There are two cords that you need to pay attention to the AC cord that plugs into a standard outlet and the DC cord that draws power from your car’s battery via the cigarette lighter port. The length of the Rapid’s AC and DC power cords are 5 feet and 10-7/8 feet long respectively.
The length of the Swift’s AC and DC power cords are 3-1/3 feet and 10-7/8 feet respectively. We can see that the AC cord’s length is considerably smaller than the Rapid’s, but for use in vehicles, they have the same range of movement.

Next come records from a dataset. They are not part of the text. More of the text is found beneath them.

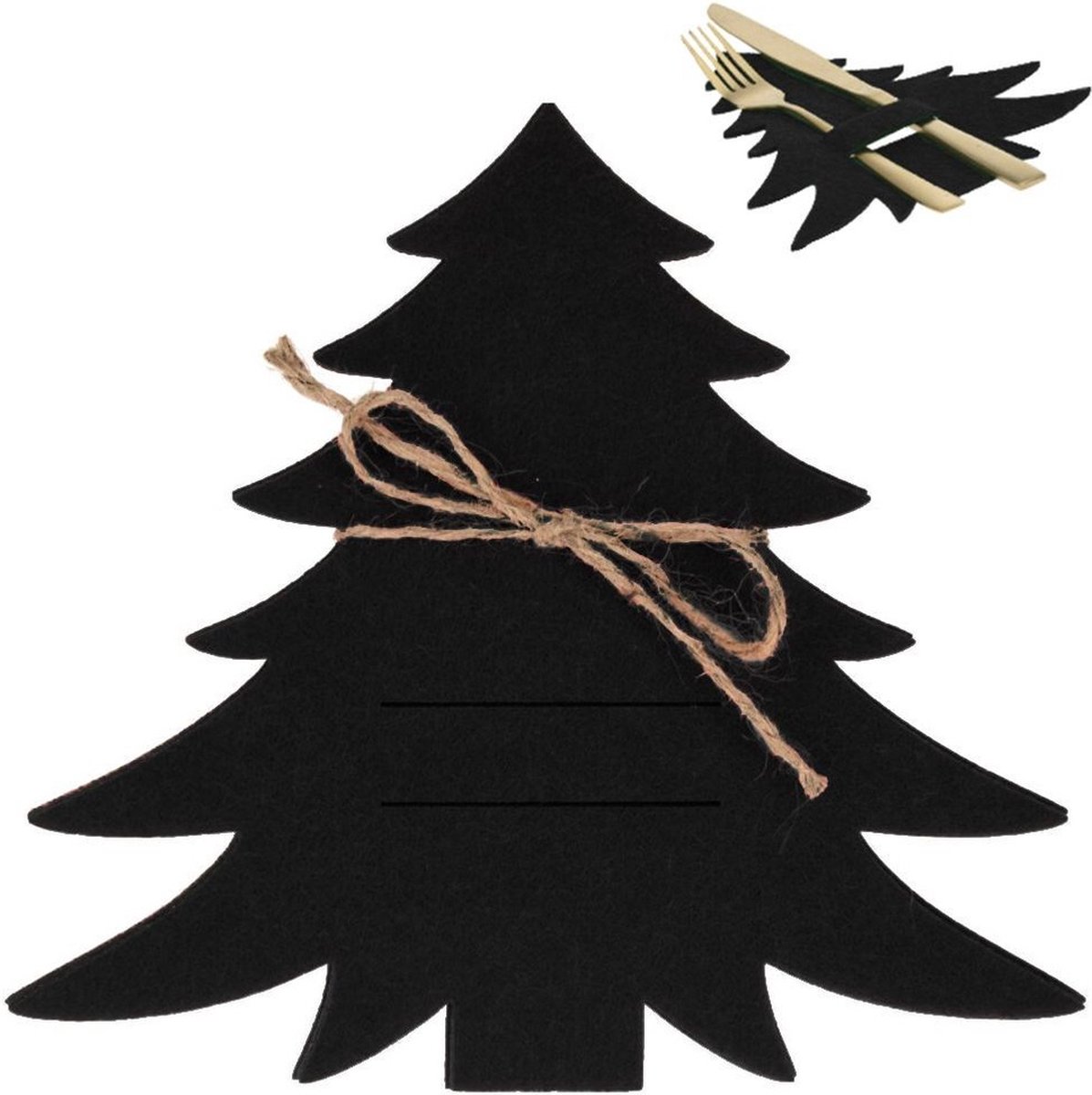Bestekzakje Zwart Kerstboom 4 stuks - Bestek Zakje - Bestekhoes - Bestekhouder voor Tafel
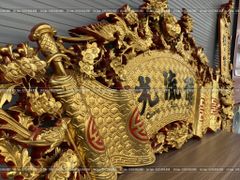 Cuốn Thư Câu Đối Gỗ Sơn Son Thếp Vàng Kích Thước Cuốn Thư 175*81*4 - Câu Đối 175*28*4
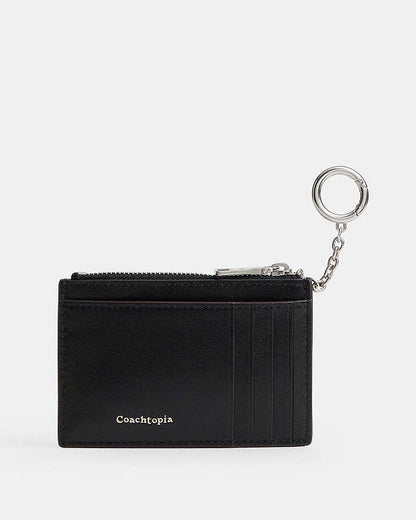Zip Card Case With Key Ring In Checkerboard Upcrafted Leather Black-Chalk Black-Chalk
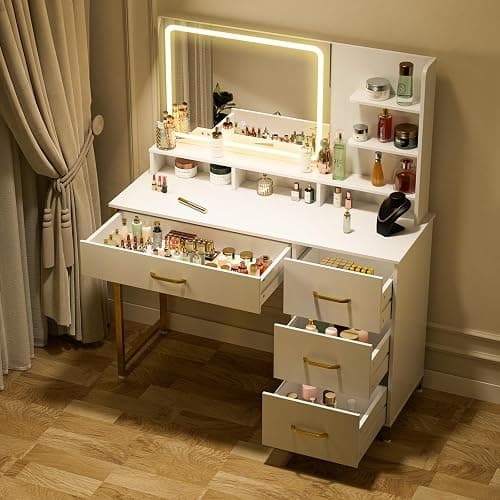 COMHOMA Vanity Desk with Mirror and Lights, Makeup Vanity Table with 4 Drawers & Storage Shelves, Large HD Mirror, 3 Color Modes & Adjustable Brightness, Modern Dressing Table for Bedroom, Pearl White thumbnail 8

Conclusion: The more important thing to consider is the length of the DC cord that plugs into your car’s cigarette lighter port. It needs to be long enough so that the tool’s air hose can reach all four wheels without trouble. Both of these tools have similarly sized DC cables, so neither of them has preference over the other.
Air Hose Length
The Rapid comes with an air hose that’s about 24 inches long. A 2-foot air hose isn’t the longest thing in the world, especially when it comes time to pump air into your tires. However, paired with the long 10-7/8-foot DC cord, reaching all four of your tires shouldn’t be an issue for most sedans.
The Swift features a long(er) 31-inch hose. For most cars and several trucks, the length of the Swift’s DC cord and air hose should provide you with the ability to fill up all of your car’s tires easily.
Conclusion: For a better range of movement, you should pick up an air compressor that features a longer air hose. Between the Rapid and Swift, the Swift’s 31-inch air hose would be the better option since it has a higher likelihood of reaching all four of your car’s tires without needing to put any unnecessary strain on the hose or DC cord.
Pressure Gauge and Auto-Shutoff
The Rapid comes with a digital pressure gauge which shows how much air is being delivered. You can also set the tool up to deliver a certain amount of air, and the tool will automatically shut off when the object has reached the desired PSI. After testing the digital gauge with several manually operated gauges, we found no differences in almost 100% of our tests.
The Swift comes with an analog pressure gauge. Once again, we tested how accurate the tool’s internal system is at measuring how much pressure is being applied and are happy to report that like the Rapid, almost 100% of our tests came back no differences at all.
Conclusion: The pressure gauge is arguably the most significant difference between the Rapid and Swift. We prefer the Rapid’s LCD display, but the analog gauge on the Swift doesn’t appear to have any accuracy problems. The one minor annoyance we found was that after unplugging and plugging the compressor back in, it will reset to the 35-PSI default setting every time.
So basically what we have here are two Kensun-made air compressors – the Rapid and the Swift – which look similar and have almost identical performances. The minor differences we found were the PSI and GPM ratings which, in our humble opinion, shouldn’t be a make-or-break factor in your purchase decision since portable air compressors are meat for light-duty inflating jobs.
The Rapid’s digital display and the Swift’s analog gauge are a significant difference between the two, but since they’re both almost perfectly accurate all the time, the only thing to consider is whether you prefer looking at an LCD display or a spinning needle.
The one most significant consideration you need to take into account is the length of the DC cord and air hose since not all cars are the same shape. In general, longer cords and hoses are preferable over shorter ones. Thus the Swift is very slightly better than the Rapid in our books.